**Your assignment:** Below are records with pictures in them. Output exactly the lines from the one with "Single Room with Private Bathroom image 4" through the one with "Toyota HiAce 2008 Blue", both included, and leave every picture out; give only those lines.

**Data to use:**
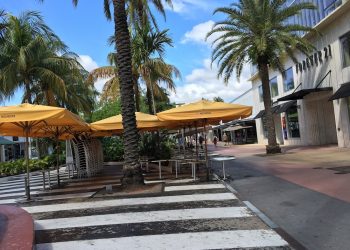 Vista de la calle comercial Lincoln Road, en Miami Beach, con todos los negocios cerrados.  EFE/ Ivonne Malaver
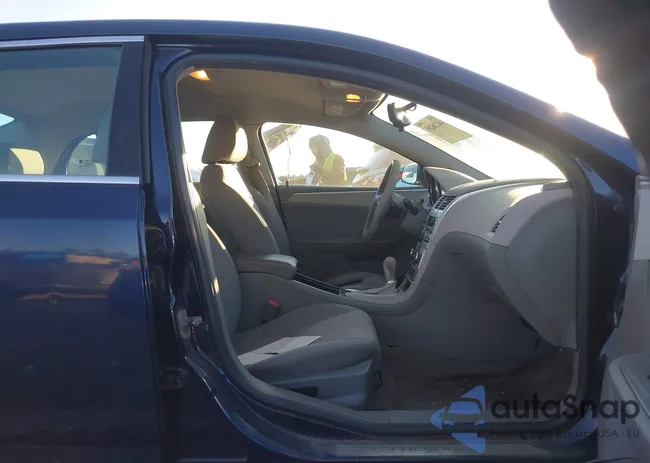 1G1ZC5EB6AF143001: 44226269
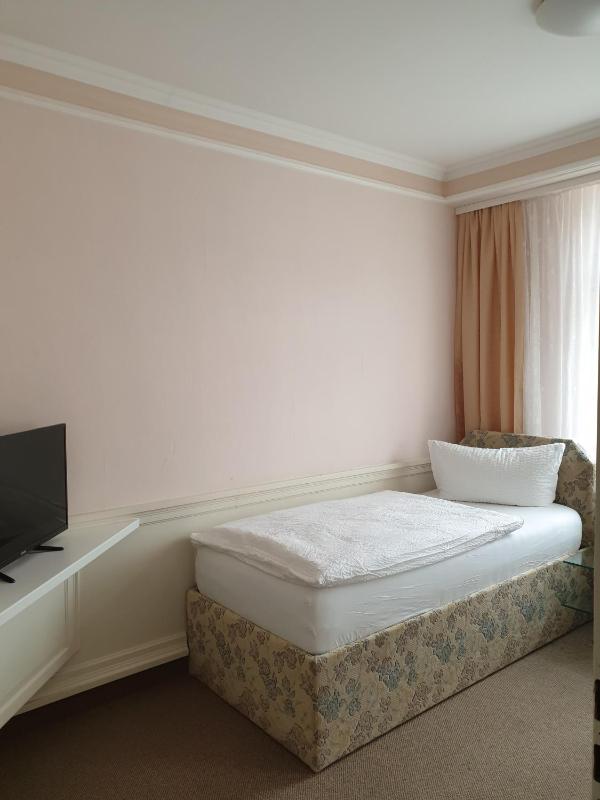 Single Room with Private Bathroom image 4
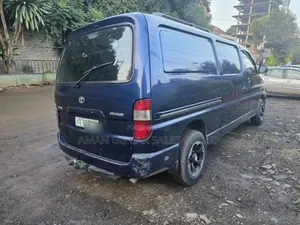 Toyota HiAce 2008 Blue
...
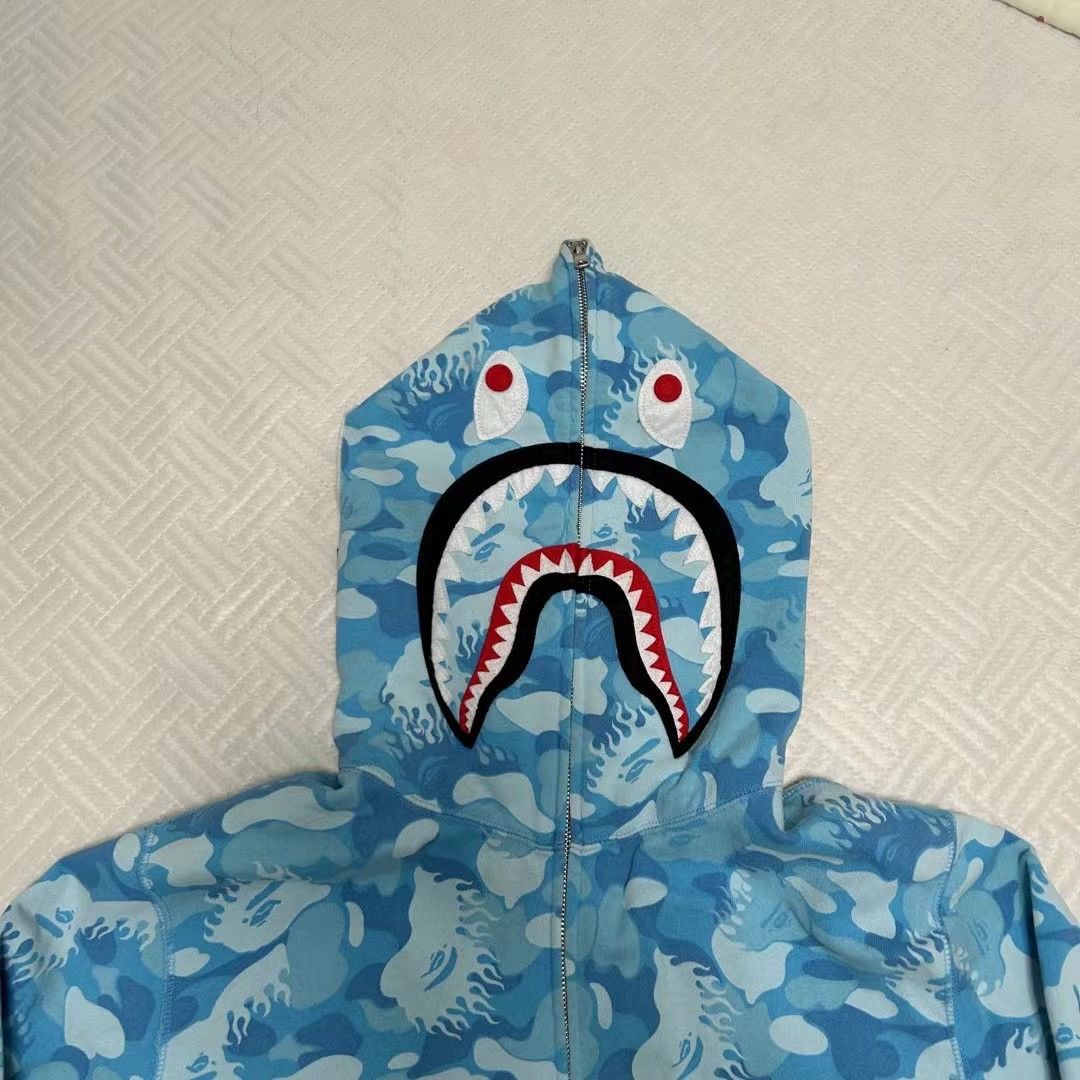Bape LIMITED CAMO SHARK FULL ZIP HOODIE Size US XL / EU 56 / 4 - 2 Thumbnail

**Task response:**
 Single Room with Private Bathroom image 4
 Toyota HiAce 2008 Blue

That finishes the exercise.